Cerca de 17 milhões de crianças até 14 anos vivem em domicílios de baixa renda. Foto: TV Brasil
Ao comentar o relatório, o professor de economia da Universidade Estadual de Campinas (Unicamp) Antonio Carlos Macedo e Silva, disse que o mundo vive um momento de crescimento lento, depois de quase uma década de crises, e que isso tende a continuar nos próximos anos.
“A recuperação é fraca. E a tese é que vai continuar fraca e frágil enquanto uma série de obstáculos não for superada. O consenso em torno da chamada austeridade fiscal é um desses obstáculos”, ressaltou Silva, que também é pesquisador da Unctad.

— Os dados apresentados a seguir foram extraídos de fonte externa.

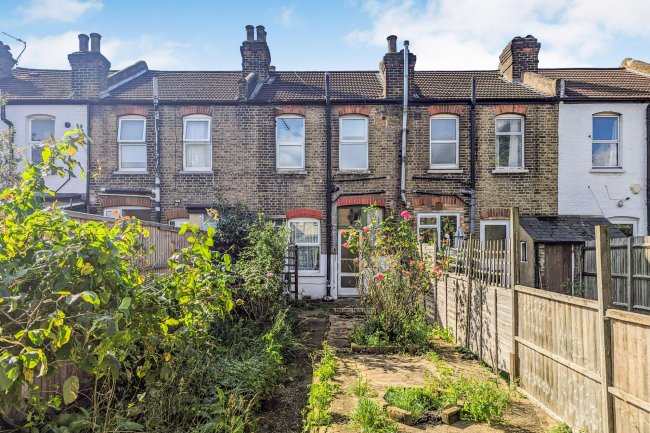 19 Tankerton Terrace, Mitcham Road, Croydon, Surrey CR0 3HJ 2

O relatório destaca também que a falta de expansão econômica está diretamente relacionada com o aumento das desigualdades de renda entre homens e mulheres. “A economia global tem crescido a taxas muito inferiores às das décadas anteriores, porque, tanto durante o processo de crescimento quanto na esteira da recessão, na maior parte dos países, a desigualdade só fez aumentar. É um problema que consideramos realmente dramático”, disse Silva.

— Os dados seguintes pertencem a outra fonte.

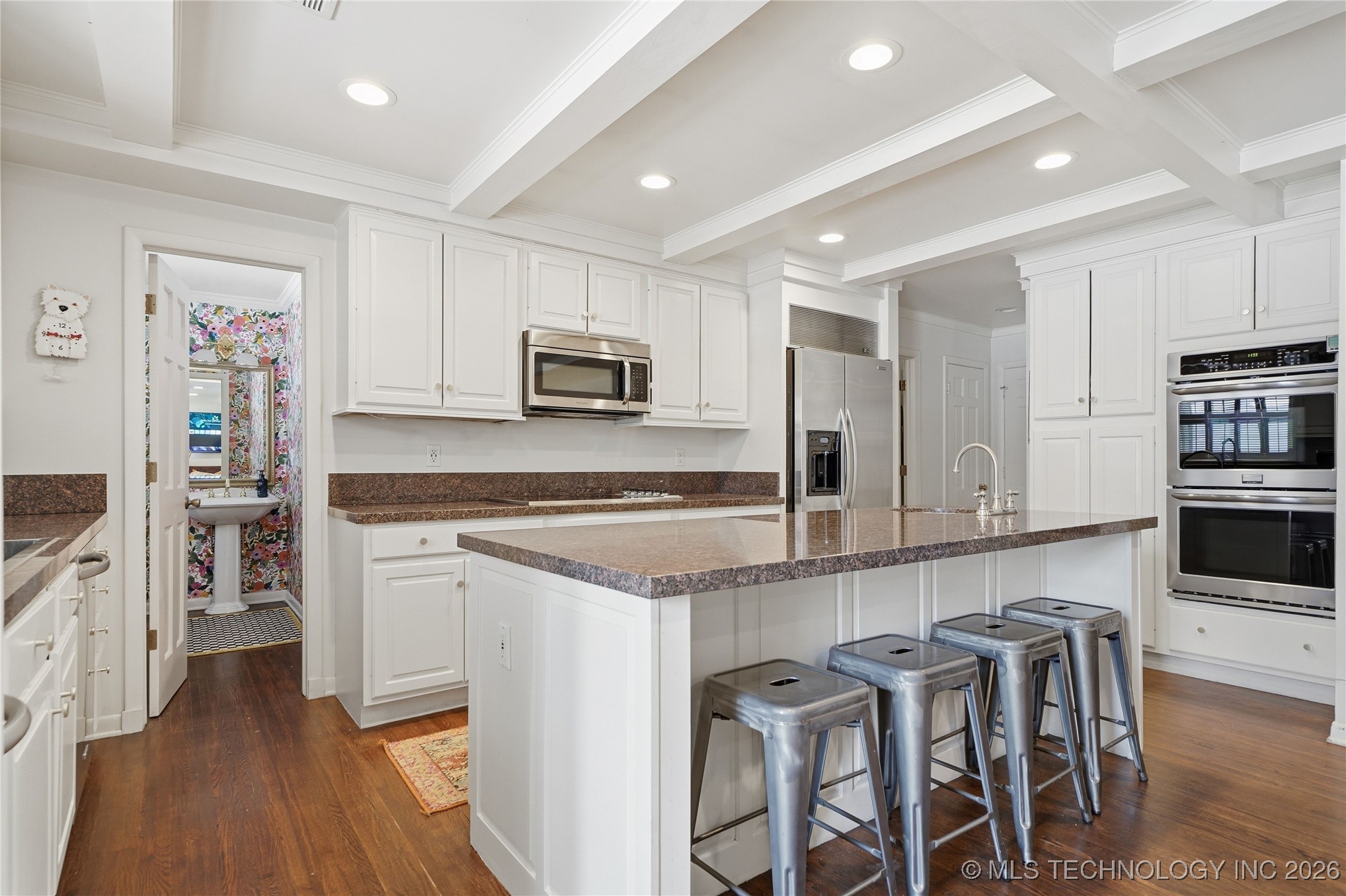 2853 E 39th Street Property Photo 15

Nesse cenário, o relatório sinaliza que as políticas de redução dos gastos públicos tendem a agravar as disparidades. “Desde que a desaceleração global tem um lado significativo de demanda, políticas que favorecem a redução dos custos de mão de obra e os gastos públicos vão, na verdade, piorar a situação. Elas também vão se mostrar inadequadas para lidar com os múltiplos desafios da desigualdade e falta de sustentabilidade gerada pelos padrões econômicos atuais. Desse modo, acabar com a austeridade continua a ser um pré-requisito básico para construir caminhos sustentáveis e inclusivos de crescimento”, acrescenta o estudo.
Gastos coordenados
Apesar de defender medidas expansionistas, acompanhadas de um modelo que garanta aumento equivalente das receitas públicas, a Unctad pondera que esse tipo de movimento não pode ser feito isoladamente. “A proposta da Unctad não é a de que está ao alcance de qualquer país, em qualquer momento, implementar uma política fiscal expansionista e sair crescendo. Isso pode não dar certo especialmente quando você está fazendo isso sozinho. Se você faz isso sozinho, você está submetendo o seu país, por exemplo, ao risco de fuga de capitais, de ataques especulativos, de crises cambiais”, explicou Silva.

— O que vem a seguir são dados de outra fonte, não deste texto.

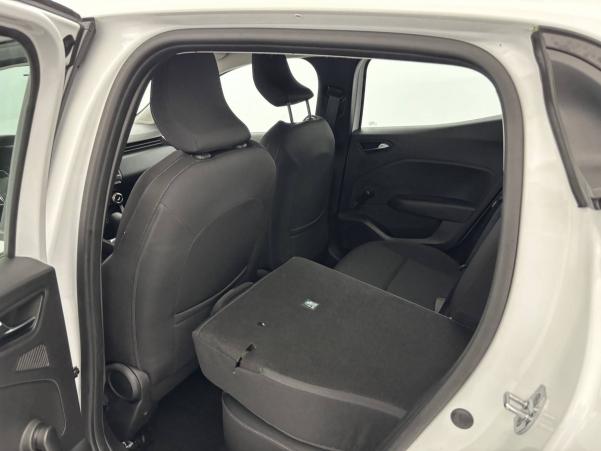 Vente en ligne Renault Clio 5 Clio E-Tech 140 - 21N au prix de 16 590 €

O economista destacou que as medidas no sentido contrário à austeridade deverão ser adotadas em conjunto com diversos países, minimizando os riscos e promovendo crescimento econômico sustentável e inclusivo. “Daí a ideia de que a gente poderia tentar coordenar. Não é tão utópico assim, a gente já tentou fazer algo nessa mesma linha na esteira da crise. Só que, por timidez, por excesso de conservadorismo, a visão da austeridade que irresponsabiliza a política fiscal, libera a política fiscal da tarefa que lhe é inata de, junto com a política monetária, afetar o nível de atividade, acabou prevalecendo”.